Relationships
In Sheree's opinion, what we desire most from a relationship is to be loved and held, known and understood.
However, we have also been socialised to present ourselves and our relationships as perfect - and this denies us the opportunity to receive all that a relationship has to offer us.
If you and your partner can truly be in mindful awareness together, you have the opportunity to experience what you desire the most.
Relationships as a system
From the perspective of Hakomi Experiential Work with Couples, a relationship is regarded as a system, where each member of the couple relationship contributes unconscious patterns and habits that influence the way we behave and what we perceive.
This perception also includes includes how we might relate to ourselves - and our self beliefs.
How can Sheree help yours?
With this in mind, you will both learn to develop mindful awareness, and you will learn how to apply this in the moment to whatever is happening now.

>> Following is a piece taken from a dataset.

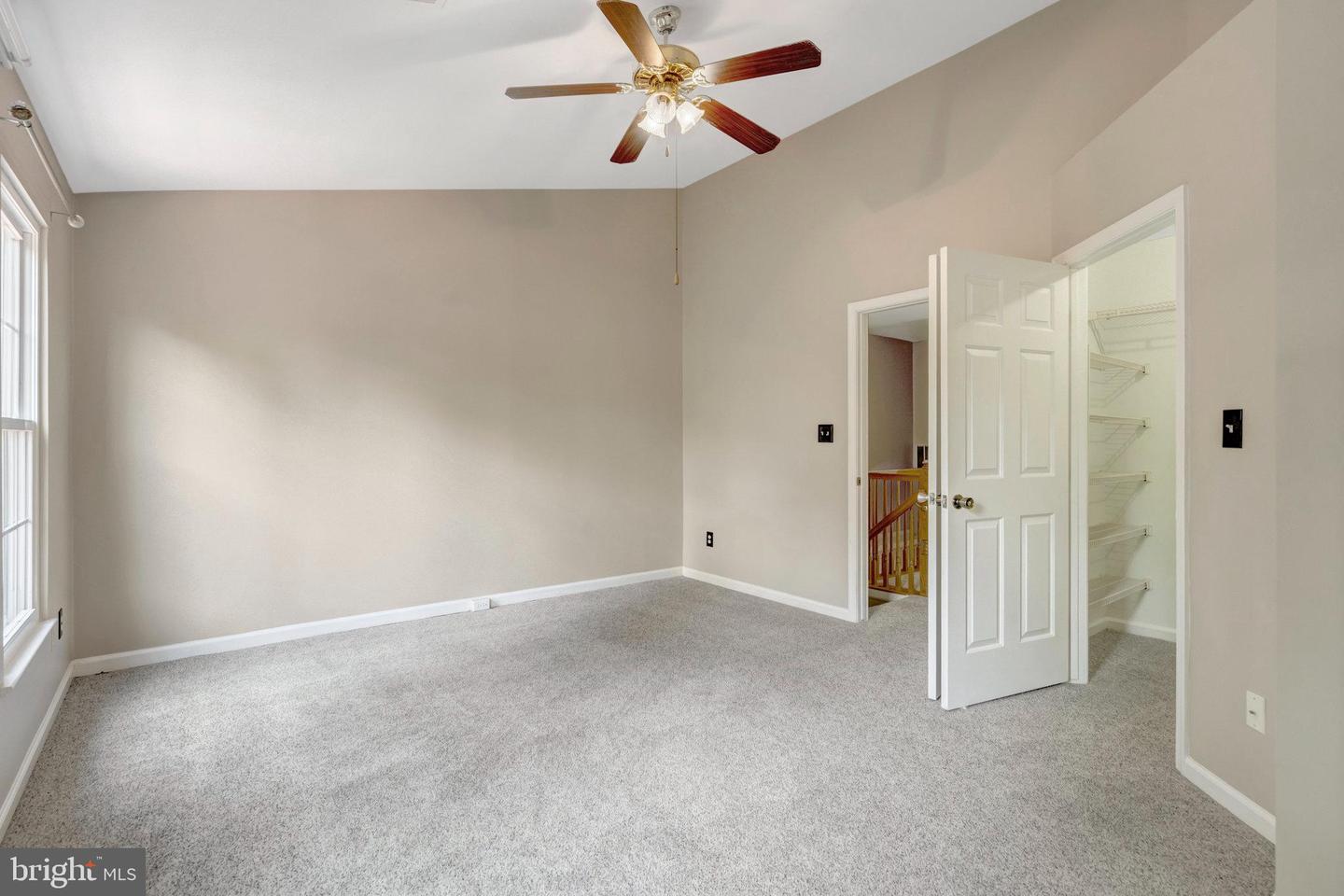 6882 RIDGE WATER CT, CENTREVILLE, Virginia 20121, 3 Bedrooms Bedrooms, ,3 BathroomsBathrooms,Residential,For sale,6882 RIDGE WATER CT,VAFX2254236 MLS # VAFX2254236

We study what is occurring in the present moment for each person, and how each interacts with the other from this place, using mindful awareness.
This gentle, yet effective process of self-study can allow you to be with yourself, and with the other, in the present moment, where whatever is happening can be observed, understood and accepted.
The process goes beyond insight and into action: working in mindful awareness with what is occurring now, can free us to focus on our interactions with each other, helping us to move forwards.
Raising the issues
Couple differences tend to arise around needs, vulnerability and self-protection. Becoming aware of how these create patterns of relating, and observing how this rolls out in the present moment, can provide us with useful information about our self and the other.
Finding pathways ahead
As we begin to see what is happening in our moment to moment interactions, we also see that this experience can become information that we can use to help ourselves and our relationship.
As we're doing this, we're also building our capacity for sharing and understanding our own experience and that of the Other. In this way, it is possible to strengthen our relationships, and build our individual resilience, expanding our ideas about who we are, and about who the Other is.
Being able to bring more of ourselves into our connection with the Other potentially allows us both to deepen, and to flourish together.
Our scientifically grounded approach
Authors Lewis, Amini and Lannon in their book 'A General Theory of Love' write:
“From birth to death, love is not just the focus of human experience but also the life force of the mind, determining our moods, stabilising our bodily rhythms, and changing the structure of our brains.”
This view best sums up Sheree's approach to understanding, working with and being in relationship: the neuro-biological processes involved in attachment and behaviour play a much bigger role in what we create together as a couple, than what we realise.
Understanding how this combines within family systems and impacts human developmental processes, is vital to create understanding and compassion. In Sheree's opinion, this is what love and relationships are all about.